In the current directory, you can find a file mlp.py, which contains the definition for class TwoLayerMLP. As the name suggests, it implements a 2-layer MLP, or MLP with 1 hidden layer. You will implement your code in the same file, and call the member functions in this notebook. Below is some initialization. The autoreload command makes sure that mlp.py is periodically reloaded.

In [6]:
# setup
import numpy as np
import matplotlib.pyplot as plt
from mlp import TwoLayerMLP

%matplotlib inline
plt.rcParams['figure.figsize'] = (10.0, 8.0) # set default size of plots
plt.rcParams['image.interpolation'] = 'nearest'
plt.rcParams['image.cmap'] = 'gray'

# for auto-reloading external modules
# see http://stackoverflow.com/questions/1907993/autoreload-of-modules-in-ipython
%load_ext autoreload
%autoreload 2

def rel_error(x, y):
    """ returns relative error """
    return np.max(np.abs(x - y) / (np.maximum(1e-8, np.abs(x) + np.abs(y))))
The autoreload extension is already loaded. To reload it, use:
  %reload_ext autoreload

Next we initialize a toy model and some toy data, the task is to classify five 4-d vectors.

In [7]:
# Create a small net and some toy data to check your implementations.
# Note that we set the random seed for repeatable experiments.
input_size = 4
hidden_size = 10
num_classes = 3
num_inputs = 5

def init_toy_model(actv, std=1e-1):
    np.random.seed(0)
    return TwoLayerMLP(input_size, hidden_size, num_classes, std=std, activation=actv)

def init_toy_data():
    np.random.seed(1)
    X = 10 * np.random.randn(num_inputs, input_size)
    y = np.array([0, 1, 2, 2, 1])
    return X, y

X, y = init_toy_data()
print('X = ', X)
print()
print('y = ', y)
X =  [[ 16.24345364  -6.11756414  -5.28171752 -10.72968622]
 [  8.65407629 -23.01538697  17.44811764  -7.61206901]
 [  3.19039096  -2.49370375  14.62107937 -20.60140709]
 [ -3.22417204  -3.84054355  11.33769442 -10.99891267]
 [ -1.72428208  -8.77858418   0.42213747   5.82815214]]

y =  [0 1 2 2 1]

[5pts] Q2.1 Forward pass: Sigmoid

Our 2-layer MLP uses a softmax output layer (note: this means that you don't need to apply a sigmoid on the output) and the multiclass cross-entropy loss to perform classification.

Softmax function:
For class j: $$P(y=j|x) = \frac{\exp(z_j)}{\sum_{k=1}^{K} \exp(z_k)}$$ Multiclass cross-entropy loss function:
y - binary indicator (0 or 1) if class label c is the correct classification
$$J \ = \ \frac{1}{m} \ \sum_{i=1}^{m} \sum_{c=1}^{C} \ [ \ -y_{(c)} log(P(y_{(c)}|x^{(i)})) \ ]$$

Please take a look at method TwoLayerMLP.loss in the file mlp.py. This function takes in the data and weight parameters, and computes the class scores (aka logits), the loss $L$, and the gradients on the parameters.

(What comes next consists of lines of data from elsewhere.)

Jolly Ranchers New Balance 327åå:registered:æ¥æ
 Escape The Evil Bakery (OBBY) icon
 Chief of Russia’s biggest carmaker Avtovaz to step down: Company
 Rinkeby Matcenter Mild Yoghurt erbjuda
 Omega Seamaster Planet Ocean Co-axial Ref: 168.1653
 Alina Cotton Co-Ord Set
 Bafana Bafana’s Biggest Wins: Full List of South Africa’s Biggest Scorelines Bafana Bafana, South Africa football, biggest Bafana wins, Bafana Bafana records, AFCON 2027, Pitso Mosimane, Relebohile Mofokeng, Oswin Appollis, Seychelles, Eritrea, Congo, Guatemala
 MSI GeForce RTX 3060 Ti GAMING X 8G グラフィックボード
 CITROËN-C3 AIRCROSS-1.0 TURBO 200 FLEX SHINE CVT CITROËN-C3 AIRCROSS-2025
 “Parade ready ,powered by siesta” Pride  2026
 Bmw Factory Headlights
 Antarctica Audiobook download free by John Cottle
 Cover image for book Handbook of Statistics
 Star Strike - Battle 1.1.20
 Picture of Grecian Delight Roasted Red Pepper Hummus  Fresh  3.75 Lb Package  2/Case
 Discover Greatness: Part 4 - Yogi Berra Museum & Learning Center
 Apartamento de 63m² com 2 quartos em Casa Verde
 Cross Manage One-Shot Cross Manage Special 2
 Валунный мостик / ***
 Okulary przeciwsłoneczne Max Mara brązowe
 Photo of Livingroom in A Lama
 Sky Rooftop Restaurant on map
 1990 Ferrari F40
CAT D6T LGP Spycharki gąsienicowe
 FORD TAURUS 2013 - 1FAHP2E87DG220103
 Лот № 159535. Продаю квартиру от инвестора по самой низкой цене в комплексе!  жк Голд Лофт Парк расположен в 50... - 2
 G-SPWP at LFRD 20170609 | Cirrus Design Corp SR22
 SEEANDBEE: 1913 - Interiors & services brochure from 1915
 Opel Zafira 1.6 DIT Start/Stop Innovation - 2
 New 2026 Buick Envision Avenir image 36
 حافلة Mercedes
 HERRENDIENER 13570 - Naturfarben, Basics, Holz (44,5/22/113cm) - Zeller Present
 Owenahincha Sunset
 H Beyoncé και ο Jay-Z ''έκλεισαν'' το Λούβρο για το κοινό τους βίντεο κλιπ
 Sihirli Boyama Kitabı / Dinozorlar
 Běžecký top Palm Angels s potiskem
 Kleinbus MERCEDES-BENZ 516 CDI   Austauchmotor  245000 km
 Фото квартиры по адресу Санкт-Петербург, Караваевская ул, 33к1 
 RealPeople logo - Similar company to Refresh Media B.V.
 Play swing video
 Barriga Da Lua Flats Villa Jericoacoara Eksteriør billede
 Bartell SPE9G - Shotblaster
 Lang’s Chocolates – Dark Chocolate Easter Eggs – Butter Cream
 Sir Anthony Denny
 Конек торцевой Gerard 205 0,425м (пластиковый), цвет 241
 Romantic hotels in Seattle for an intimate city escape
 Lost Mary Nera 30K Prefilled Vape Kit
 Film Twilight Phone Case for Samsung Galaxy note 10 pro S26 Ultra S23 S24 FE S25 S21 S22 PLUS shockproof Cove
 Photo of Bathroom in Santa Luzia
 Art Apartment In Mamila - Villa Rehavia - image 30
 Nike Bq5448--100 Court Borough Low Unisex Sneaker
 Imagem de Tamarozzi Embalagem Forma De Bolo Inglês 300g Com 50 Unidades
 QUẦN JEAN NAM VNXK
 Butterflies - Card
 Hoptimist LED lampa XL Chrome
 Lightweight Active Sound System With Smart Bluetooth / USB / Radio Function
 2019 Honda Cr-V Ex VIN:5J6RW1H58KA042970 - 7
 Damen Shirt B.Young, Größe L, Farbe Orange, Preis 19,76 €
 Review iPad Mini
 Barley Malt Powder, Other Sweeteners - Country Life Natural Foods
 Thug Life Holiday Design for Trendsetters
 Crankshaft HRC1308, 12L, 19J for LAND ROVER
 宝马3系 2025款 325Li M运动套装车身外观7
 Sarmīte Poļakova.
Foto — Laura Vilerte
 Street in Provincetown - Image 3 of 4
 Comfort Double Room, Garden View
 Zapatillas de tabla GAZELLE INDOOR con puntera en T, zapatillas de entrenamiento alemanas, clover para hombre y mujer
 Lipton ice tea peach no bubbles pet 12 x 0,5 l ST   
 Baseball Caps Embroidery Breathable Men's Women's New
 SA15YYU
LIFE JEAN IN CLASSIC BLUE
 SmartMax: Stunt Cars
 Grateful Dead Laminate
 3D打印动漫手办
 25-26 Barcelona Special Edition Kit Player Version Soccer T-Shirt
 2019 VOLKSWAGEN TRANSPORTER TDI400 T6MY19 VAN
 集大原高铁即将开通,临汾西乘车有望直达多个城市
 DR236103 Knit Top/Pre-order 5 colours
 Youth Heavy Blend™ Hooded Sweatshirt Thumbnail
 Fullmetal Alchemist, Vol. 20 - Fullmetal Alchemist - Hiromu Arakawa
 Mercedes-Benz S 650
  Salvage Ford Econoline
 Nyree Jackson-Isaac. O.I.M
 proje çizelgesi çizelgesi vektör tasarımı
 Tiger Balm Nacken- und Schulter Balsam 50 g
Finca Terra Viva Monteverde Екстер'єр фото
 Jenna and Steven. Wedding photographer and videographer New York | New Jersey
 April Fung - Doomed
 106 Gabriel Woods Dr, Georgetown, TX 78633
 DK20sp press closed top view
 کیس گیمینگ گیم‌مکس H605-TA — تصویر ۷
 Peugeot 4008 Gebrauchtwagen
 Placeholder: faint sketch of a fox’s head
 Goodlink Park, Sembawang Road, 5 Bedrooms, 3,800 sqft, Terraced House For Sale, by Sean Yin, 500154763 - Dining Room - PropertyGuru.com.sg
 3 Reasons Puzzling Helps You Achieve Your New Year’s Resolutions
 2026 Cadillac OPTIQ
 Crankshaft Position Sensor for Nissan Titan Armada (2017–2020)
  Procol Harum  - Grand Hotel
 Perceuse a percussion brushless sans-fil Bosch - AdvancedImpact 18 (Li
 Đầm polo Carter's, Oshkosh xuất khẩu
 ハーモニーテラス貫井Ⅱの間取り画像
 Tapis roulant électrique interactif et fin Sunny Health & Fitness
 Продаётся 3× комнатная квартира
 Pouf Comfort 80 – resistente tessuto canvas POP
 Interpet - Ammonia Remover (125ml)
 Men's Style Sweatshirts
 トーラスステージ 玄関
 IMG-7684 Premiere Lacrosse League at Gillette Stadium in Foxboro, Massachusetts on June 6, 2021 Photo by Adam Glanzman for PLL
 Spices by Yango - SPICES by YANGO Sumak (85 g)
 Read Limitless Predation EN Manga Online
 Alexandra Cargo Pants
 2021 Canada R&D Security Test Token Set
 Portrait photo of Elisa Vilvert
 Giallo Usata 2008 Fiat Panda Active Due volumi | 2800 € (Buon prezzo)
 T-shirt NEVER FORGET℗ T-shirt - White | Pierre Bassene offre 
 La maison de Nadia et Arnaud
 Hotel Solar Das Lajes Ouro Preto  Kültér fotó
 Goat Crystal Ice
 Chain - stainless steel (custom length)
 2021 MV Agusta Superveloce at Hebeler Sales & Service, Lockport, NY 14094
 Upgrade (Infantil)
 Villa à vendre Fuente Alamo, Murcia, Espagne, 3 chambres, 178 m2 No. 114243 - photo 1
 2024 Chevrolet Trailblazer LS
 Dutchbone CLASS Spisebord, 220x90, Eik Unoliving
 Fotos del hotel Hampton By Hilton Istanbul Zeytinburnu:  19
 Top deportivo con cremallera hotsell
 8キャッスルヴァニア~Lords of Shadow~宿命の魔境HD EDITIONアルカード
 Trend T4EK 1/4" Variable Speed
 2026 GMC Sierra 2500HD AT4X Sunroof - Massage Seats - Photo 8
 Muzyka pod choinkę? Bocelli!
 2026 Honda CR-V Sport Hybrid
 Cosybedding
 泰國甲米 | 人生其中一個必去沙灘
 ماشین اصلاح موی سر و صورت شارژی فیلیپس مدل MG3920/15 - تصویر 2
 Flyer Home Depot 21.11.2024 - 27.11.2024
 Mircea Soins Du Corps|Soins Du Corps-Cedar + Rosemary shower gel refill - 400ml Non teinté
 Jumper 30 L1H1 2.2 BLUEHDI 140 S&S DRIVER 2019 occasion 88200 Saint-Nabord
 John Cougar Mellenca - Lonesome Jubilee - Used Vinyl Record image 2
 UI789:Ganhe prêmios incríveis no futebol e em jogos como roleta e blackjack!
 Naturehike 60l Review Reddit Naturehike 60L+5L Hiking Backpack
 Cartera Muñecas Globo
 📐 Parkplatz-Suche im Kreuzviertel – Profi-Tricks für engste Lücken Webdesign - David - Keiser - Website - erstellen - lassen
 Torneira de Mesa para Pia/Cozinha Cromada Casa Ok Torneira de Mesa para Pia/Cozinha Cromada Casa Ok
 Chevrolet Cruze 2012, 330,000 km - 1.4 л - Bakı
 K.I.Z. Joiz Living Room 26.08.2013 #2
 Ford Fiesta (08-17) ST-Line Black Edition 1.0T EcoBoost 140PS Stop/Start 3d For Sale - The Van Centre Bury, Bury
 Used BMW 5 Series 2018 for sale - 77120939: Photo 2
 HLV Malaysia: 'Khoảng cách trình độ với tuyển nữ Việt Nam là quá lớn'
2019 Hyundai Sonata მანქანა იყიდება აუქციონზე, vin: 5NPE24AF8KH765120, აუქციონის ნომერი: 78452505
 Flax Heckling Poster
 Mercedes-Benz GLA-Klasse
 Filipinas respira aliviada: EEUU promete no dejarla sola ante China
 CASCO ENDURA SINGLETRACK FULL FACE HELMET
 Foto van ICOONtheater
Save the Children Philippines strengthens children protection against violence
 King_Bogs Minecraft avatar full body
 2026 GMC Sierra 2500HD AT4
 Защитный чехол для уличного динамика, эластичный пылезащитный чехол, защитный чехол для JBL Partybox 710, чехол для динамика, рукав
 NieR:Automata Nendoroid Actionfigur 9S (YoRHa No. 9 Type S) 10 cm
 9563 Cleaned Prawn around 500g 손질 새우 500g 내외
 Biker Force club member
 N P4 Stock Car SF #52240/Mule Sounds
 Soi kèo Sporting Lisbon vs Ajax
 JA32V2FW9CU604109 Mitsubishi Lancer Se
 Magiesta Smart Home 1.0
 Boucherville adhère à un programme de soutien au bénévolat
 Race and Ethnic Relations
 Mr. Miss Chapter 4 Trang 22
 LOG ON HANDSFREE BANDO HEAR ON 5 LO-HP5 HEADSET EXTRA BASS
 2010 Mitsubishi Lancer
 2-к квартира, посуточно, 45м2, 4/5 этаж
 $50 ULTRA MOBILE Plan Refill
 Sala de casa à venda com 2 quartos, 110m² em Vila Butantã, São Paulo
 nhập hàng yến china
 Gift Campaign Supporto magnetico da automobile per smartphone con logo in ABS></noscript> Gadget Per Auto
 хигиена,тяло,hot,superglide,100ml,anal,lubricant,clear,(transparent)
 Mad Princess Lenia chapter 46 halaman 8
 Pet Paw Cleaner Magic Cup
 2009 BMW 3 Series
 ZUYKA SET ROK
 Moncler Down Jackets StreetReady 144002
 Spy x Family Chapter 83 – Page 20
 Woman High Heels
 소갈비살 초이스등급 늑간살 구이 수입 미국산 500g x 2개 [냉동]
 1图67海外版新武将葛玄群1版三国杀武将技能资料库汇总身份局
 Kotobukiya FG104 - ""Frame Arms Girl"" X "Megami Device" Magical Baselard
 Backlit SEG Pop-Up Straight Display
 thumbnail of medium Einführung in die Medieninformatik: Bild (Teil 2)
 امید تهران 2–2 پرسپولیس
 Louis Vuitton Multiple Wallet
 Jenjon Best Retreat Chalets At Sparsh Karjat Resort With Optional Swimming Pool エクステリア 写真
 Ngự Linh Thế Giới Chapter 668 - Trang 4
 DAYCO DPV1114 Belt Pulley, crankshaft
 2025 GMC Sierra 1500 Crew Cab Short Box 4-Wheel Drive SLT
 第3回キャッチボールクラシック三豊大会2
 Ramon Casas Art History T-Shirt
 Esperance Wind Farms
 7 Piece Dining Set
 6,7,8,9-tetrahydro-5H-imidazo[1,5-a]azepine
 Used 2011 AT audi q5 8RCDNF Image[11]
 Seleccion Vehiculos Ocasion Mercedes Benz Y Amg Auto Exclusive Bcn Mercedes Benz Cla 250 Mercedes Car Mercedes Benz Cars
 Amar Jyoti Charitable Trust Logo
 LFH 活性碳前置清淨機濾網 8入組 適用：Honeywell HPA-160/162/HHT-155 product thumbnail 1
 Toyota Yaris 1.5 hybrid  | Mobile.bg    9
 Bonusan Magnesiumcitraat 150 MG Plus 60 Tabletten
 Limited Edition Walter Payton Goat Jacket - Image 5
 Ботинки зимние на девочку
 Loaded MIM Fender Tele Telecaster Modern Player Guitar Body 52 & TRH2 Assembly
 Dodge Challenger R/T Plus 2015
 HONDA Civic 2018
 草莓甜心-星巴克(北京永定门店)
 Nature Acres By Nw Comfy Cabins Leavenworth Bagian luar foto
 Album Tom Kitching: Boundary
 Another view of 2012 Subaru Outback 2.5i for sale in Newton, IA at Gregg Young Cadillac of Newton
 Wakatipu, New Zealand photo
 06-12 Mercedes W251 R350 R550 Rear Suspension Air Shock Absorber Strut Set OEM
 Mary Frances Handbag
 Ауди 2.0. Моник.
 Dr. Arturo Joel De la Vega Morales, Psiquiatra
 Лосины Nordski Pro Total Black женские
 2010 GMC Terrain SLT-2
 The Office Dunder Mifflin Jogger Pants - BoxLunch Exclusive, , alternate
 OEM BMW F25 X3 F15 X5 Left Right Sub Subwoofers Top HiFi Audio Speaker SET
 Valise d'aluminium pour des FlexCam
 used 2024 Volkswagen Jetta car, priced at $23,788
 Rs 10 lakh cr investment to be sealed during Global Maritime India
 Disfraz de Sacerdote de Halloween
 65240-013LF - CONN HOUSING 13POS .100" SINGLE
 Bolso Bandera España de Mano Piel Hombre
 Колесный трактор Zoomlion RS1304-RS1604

  • Complete the implementation of forward pass (up to the computation of scores) for the sigmoid activation: $\sigma(x)=\frac{1}{1+exp(-x)}$.

Note 1: Softmax cross entropy loss involves the log-sum-exp operation. This can result in numerical underflow/overflow. Read about the solution in the link, and try to understand the calculation of loss in the code.

Note 2: You're strongly encouraged to implement in a vectorized way and avoid using slower for loops. Note that most numpy functions support vector inputs.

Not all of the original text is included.